Another $413 million had gone directly to Bankman-Fried himself, through his wholly-owned company Paper Bird. “Outflows to insiders,” which suggested Singh’s not-quite-loans were included, was $192 million; real estate was another $228 million; and the donations to Gabe Bankman-Fried’s Guarding Against Pandemics, combined with the philanthropy from the FTX Foundation, totaled less than $40 million.
It is easy to lie with words and harder to lie with money. Bankman-Fried went around telling people that he wanted to make a lot of money to give it away, an idea of the Effective Altruism movement that Bankman-Fried affiliated himself with — but the amount of money he funneled to his Paper Bird vehicle alone was ten times the size of his philanthropic spending as outlined by Easton. And it was all vastly outweighed by his investments — the places where he could prove he was very smart by investing in the right companies early.
And in brief, explosive testimony, former FTX lawyer Can Sun demonstrated what Bankman-Fried’s tactic was. During the days in November when the exchange imploded, Bankman-Fried was trying to raise money from Apollo, the private equity group. Apollo wanted an explanation for what had happened, and so Bankman-Fried came to Sun to ask him to come up with justifications for the missing funds.
That “basically confirmed my suspicions that had been rising all day” that Bankman-Fried had purloined the funds, Sun said. He ran Bankman-Fried through possible explanations, including a margin loan program, and explained that none of them could fit the actual situation — for instance, Alameda had borrowed more from FTX than had ever been in the margin loan program. He said Bankman-Fried acknowledged their conversation with a “yup, yup.” “I was expecting a bigger response, but it was very muted,” Sun said.
After that, Singh spilled the beans: Alameda had withdrawn assets that included the customer funds, Sun testified. He quit the next day. Like Yedidia, Sun testified with immunity.
In the courtroom, we were treated to a Good Morning America appearance by Bankman-Fried on December 1st, 2022. In it, Bankman-Fried tried to justify the missing funds through the margin loan program. It was such a flimsy excuse that even George Stephanopoulos could see through it.
Did Bankman-Fried really think he could get away with it all? He must still think so, or he would not be dragging his closest companions’ names through the mud in a jury trial. Throughout the entire prosecution’s case, the defense has struggled to shake the credibility of witnesses such as Yedidia, Wang, and Ellison. The hits the defense made on Singh didn’t make me doubt the overall truth of his story — they just made me think that Singh was kind of self-serving and trying to secure himself a lenient sentence.
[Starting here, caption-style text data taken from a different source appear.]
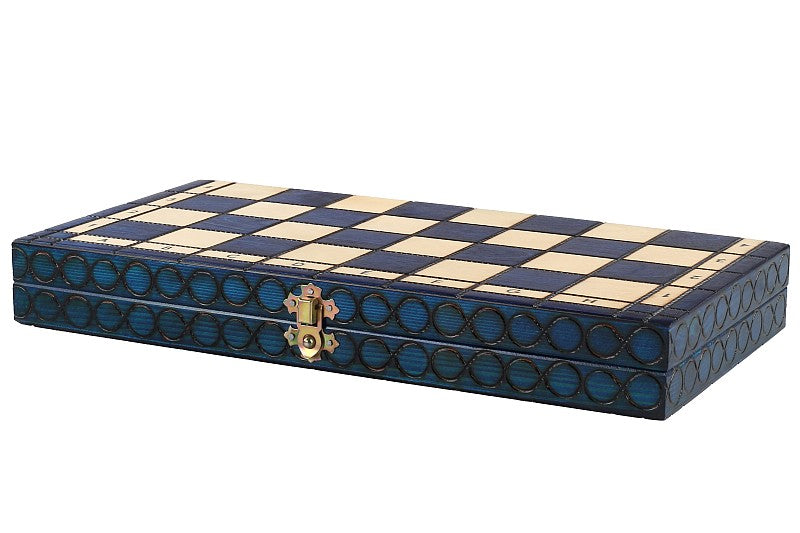 Jeu d'Echecs ROYAL Bleu en bois de charme, de taille moyenne (34 x 34cm) - Ensemble Complet - Jeu d'Echecs ROYAL Bleu en bois de charme, de taille moyenne (34 x 34cm) - Ensemble Complet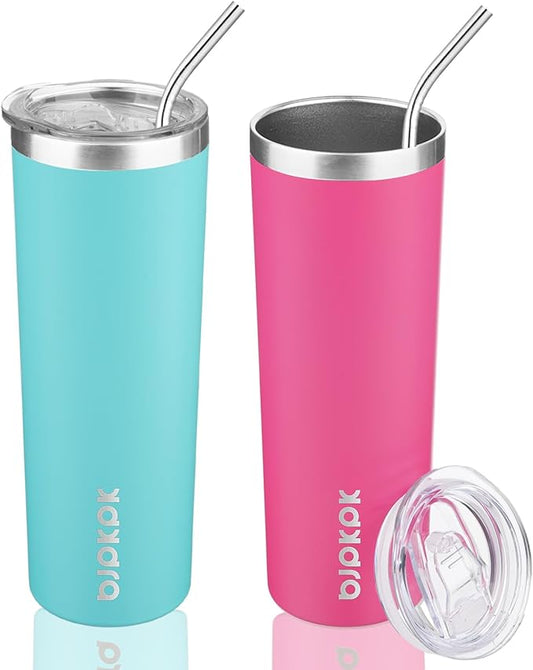 BJPKPK 2 Pack 20oz Skinny Tumblers with Lid Insulated Travel Coffee Cup Stainless Steel Thermal Mug,Turquoise,Pink
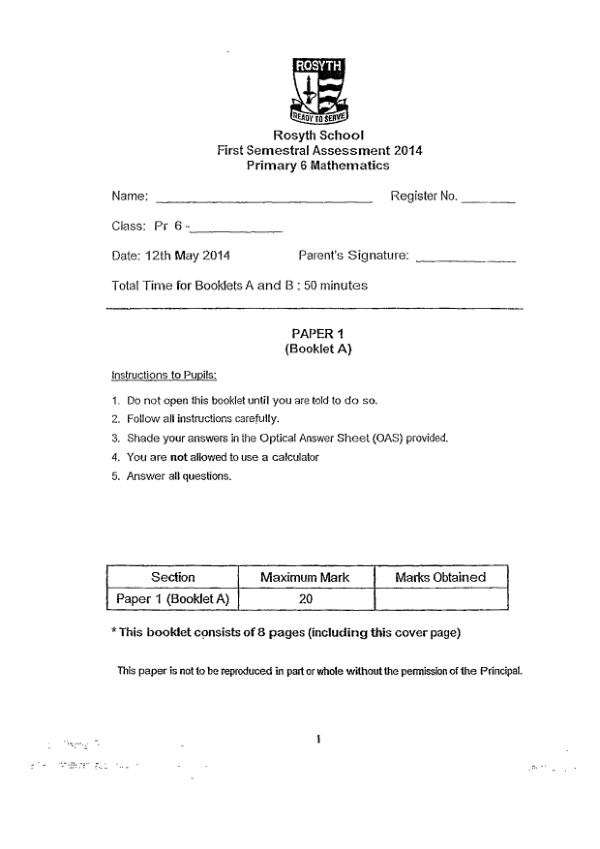 Rosyth P6 Math WA2 2014 exam paper PDF preview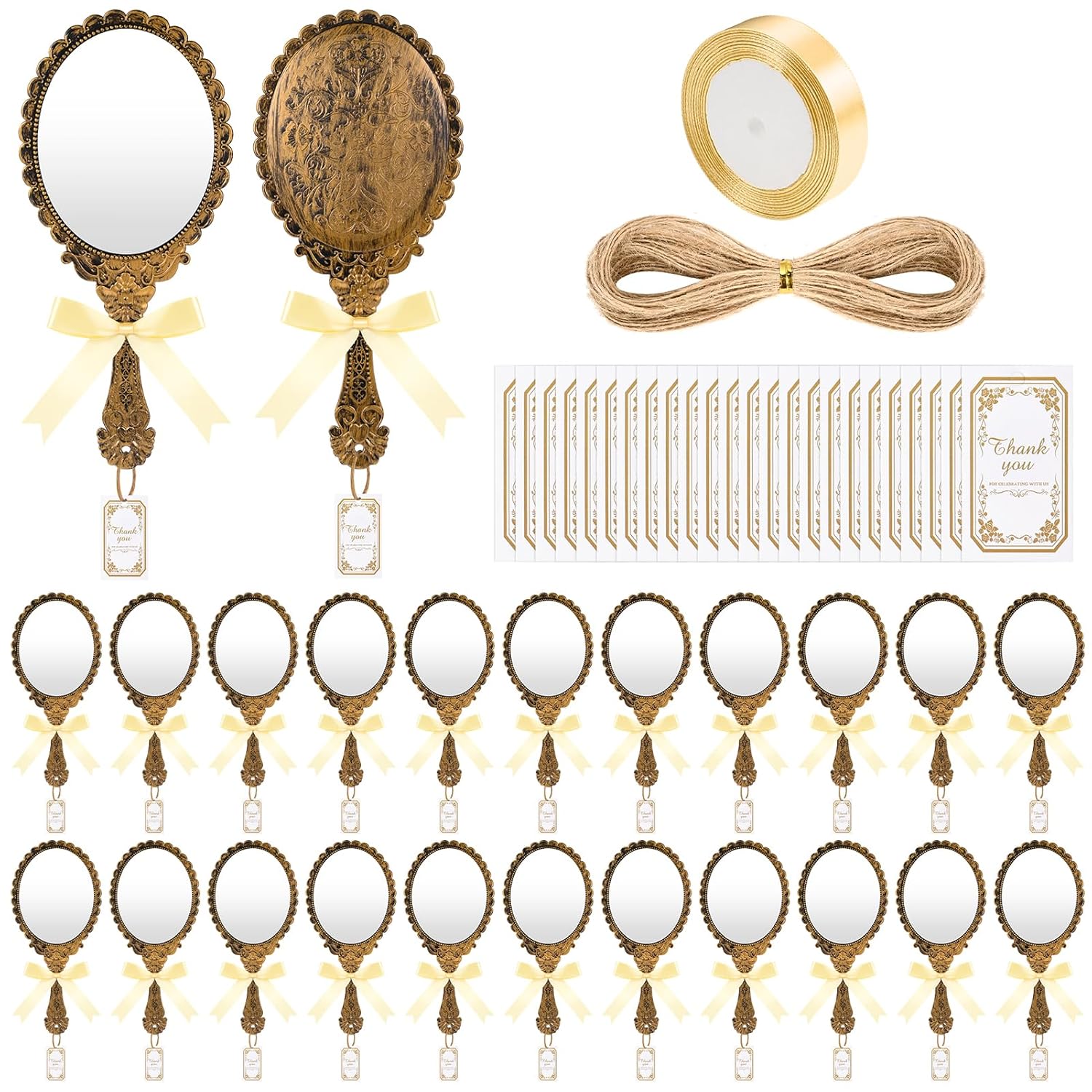 24 Set Vintage Hand Held Mirrors for Elegant Party Favors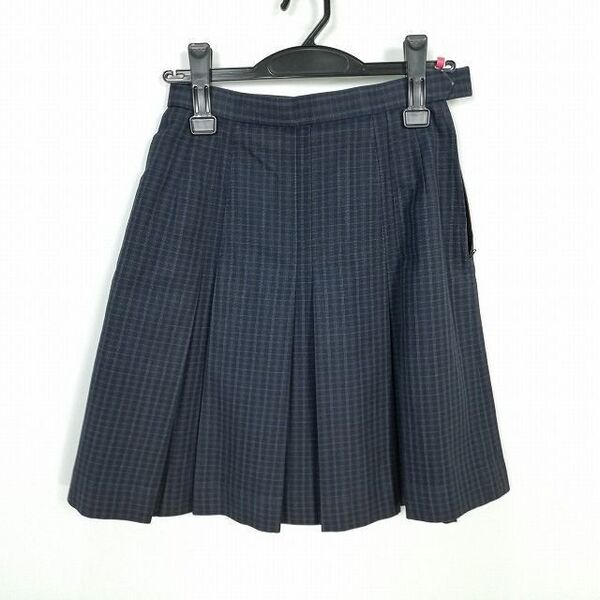 JKコスプレ 制服 スクールスカート W63 L49 紺チェック ボックスプリーツ 公立中学 県立上位校 進学校風コスプレに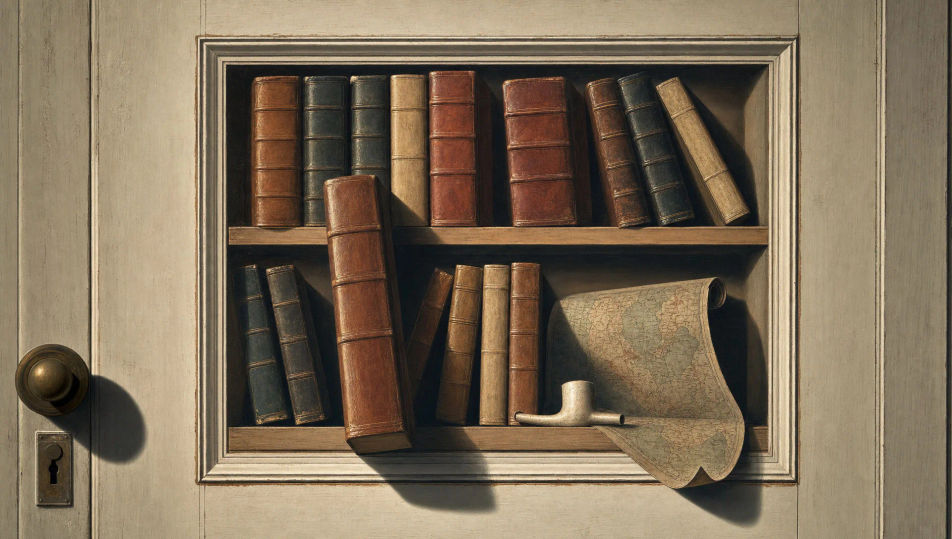 Bookshelf illusion panel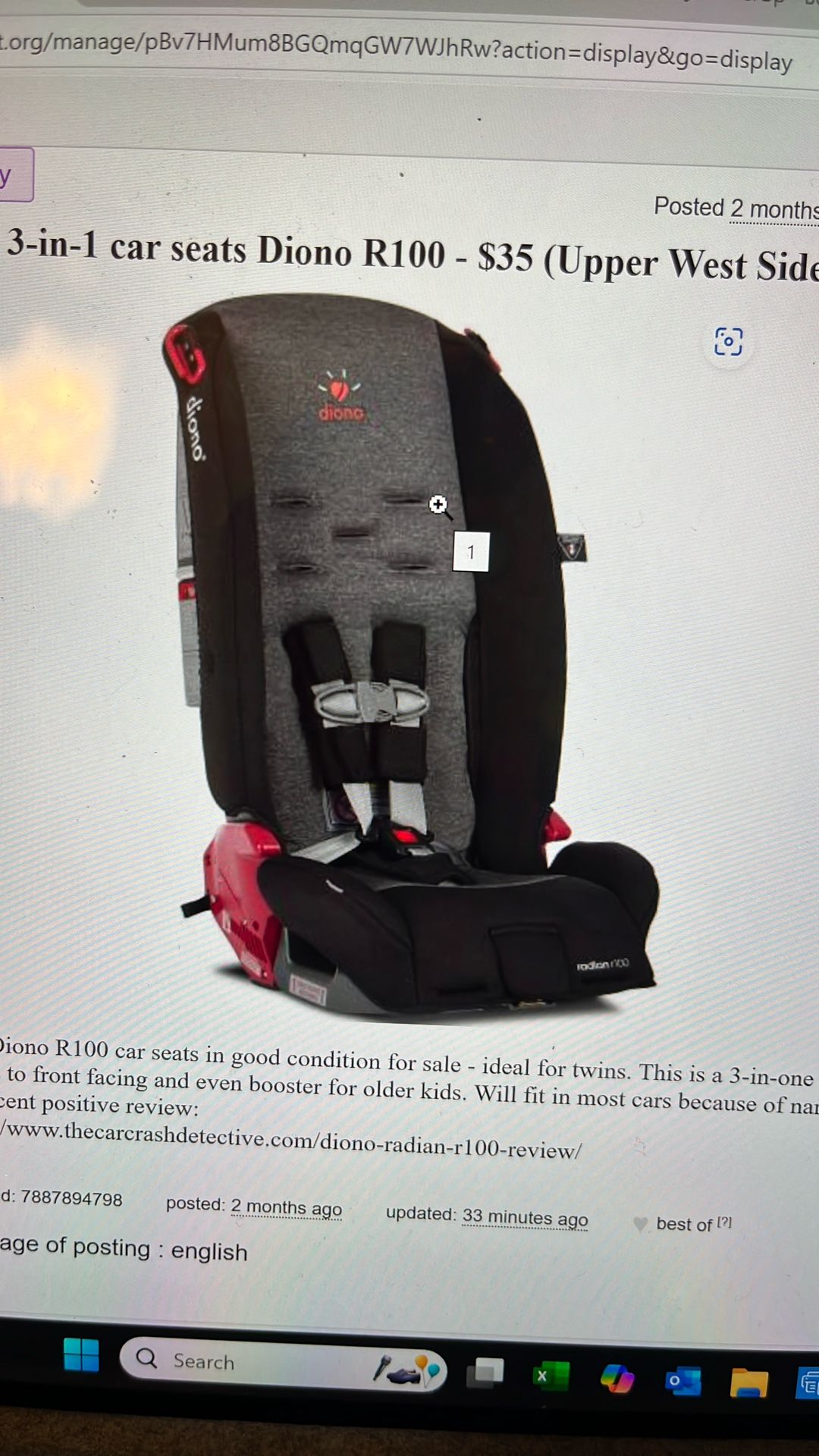 Two 3-in-1 Car Seats Diono R100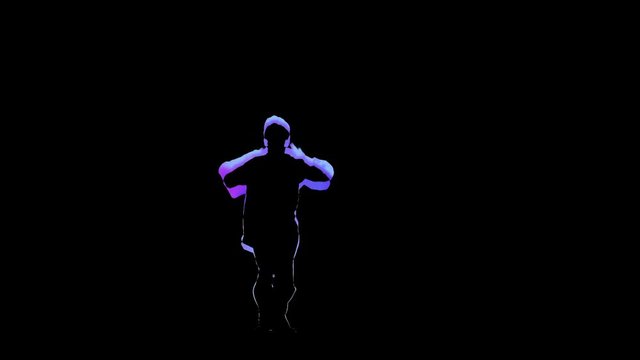 Computer graphics outline man doing kung fu on black background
The problem with being told all your life that you are smart, smarter than everyone around you, is that you can come to believe it. Bankman-Fried is probably better at math than many members of the jury, but I don’t think they are dim enough to be fooled by the margin loan program. The prosecution’s case is fairly overwhelming and should rest today. Bankman-Fried is certainly arrogant enough to take the stand and try to explain it all away. The only question now is whether that will make the jury even less sympathetic.